In 2015, Love was hired by Brenda Delgado to kill her ex-boyfriend's new girlfriend, Dr. Kendra Hatcher. Love fatally shot Hatcher in her car and robbed her and was convicted of capital murder in 2018 and sentenced to death.
Court records from the trial obtained by CNN indicate that during jury selection, a white potential juror, Zachary Niesman, said he relied on "statistics" to inform his beliefs about certain ethnic groups' tendency to commit violent crimes but denied harboring bias against certain racial and ethnic groups.
When both sides further questioned Niesman further, the potential juror said he saw the data in crime reports on the news. The defense pushed back against allowing Niesman to serve, but the judge ultimately allowed him to be seated.

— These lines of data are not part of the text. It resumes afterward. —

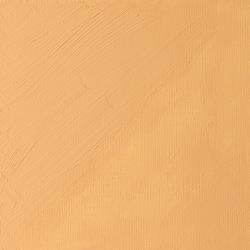 Winsor & Newton Artists Oil Colour (Part 2)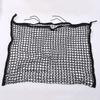 Hay Bag Horse Goat Nylon Hay Bag Carry Bag Reduce Waste Multiple Size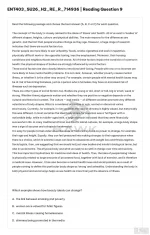 ENT403 SU26 H2 FE R RE_009.webp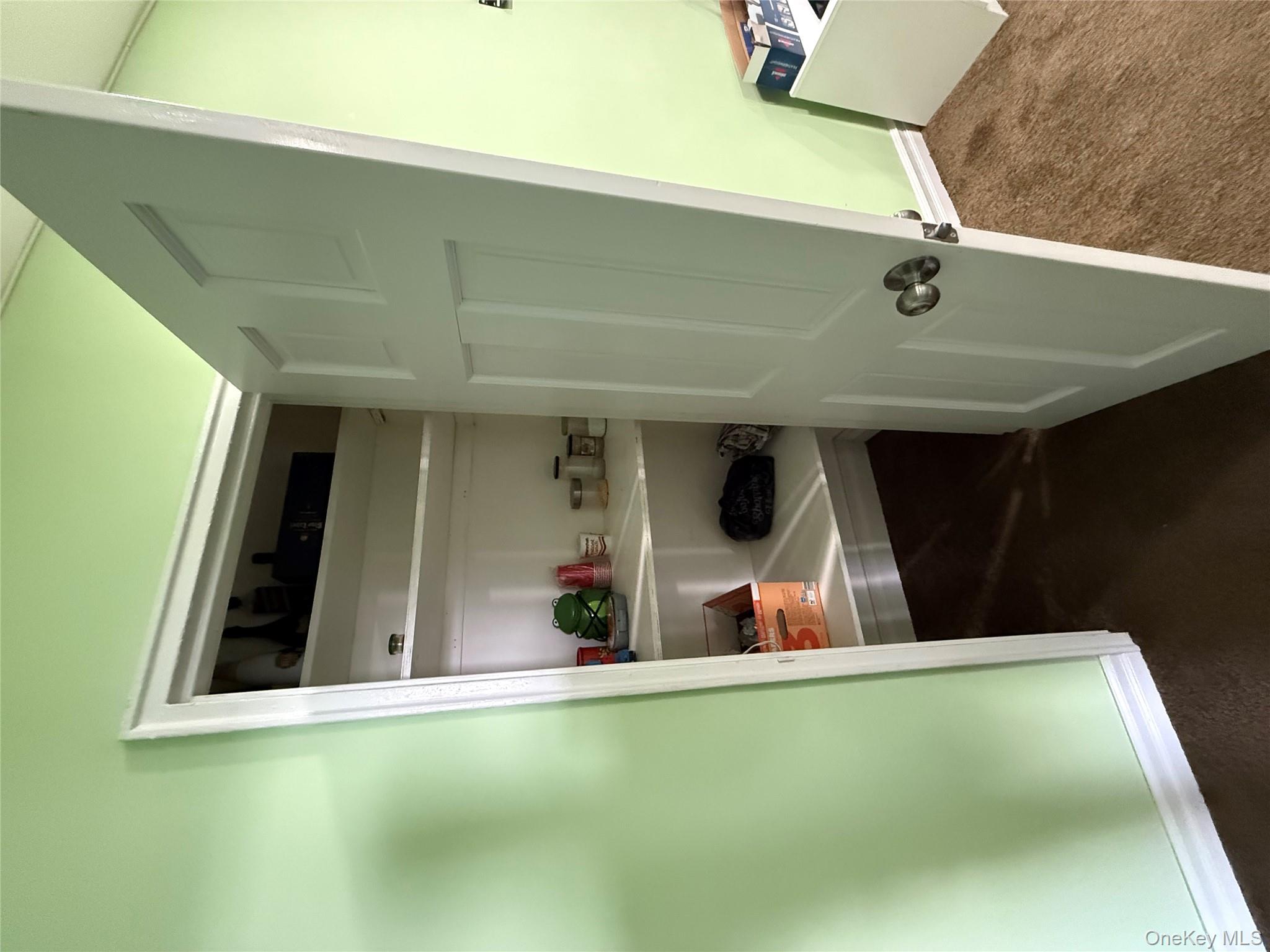 11230 Northern Boulevard 4G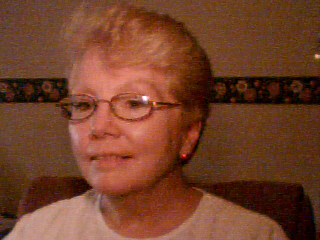 Carol Rogers Photo 31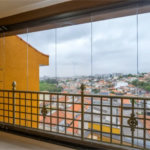 Sobrado à venda com 3 suítes em Chácara Inglesa (zona Norte), São Paulo, SP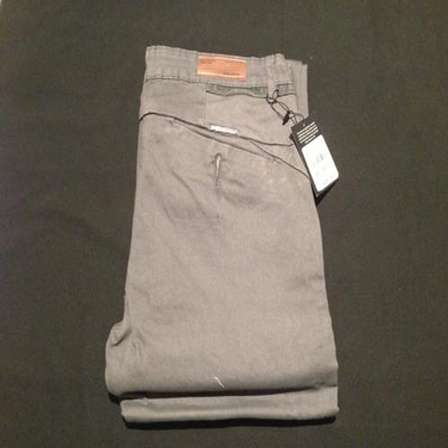 daniel hechter chinos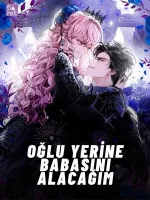 Oğlu Yerine Babasını Alacağım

The Texas Court of Criminal Appeals argued that there were two additional opportunities for the juror to be struck and that Love did not adequately show that he was harmed under state law.
Sotomayor disagreed and said the Texas Court's decision was "plainly erroneous."
"Over time, we have endeavored to cleanse our jury system of racial bias," she wrote, adding that the Texas court should have taken the time to review Love's constitutional claim.
"The task of reviewing the record to determine whether a juror was fair and impartial is challenging, but it must be undertaken, especially when a person's life is on the line."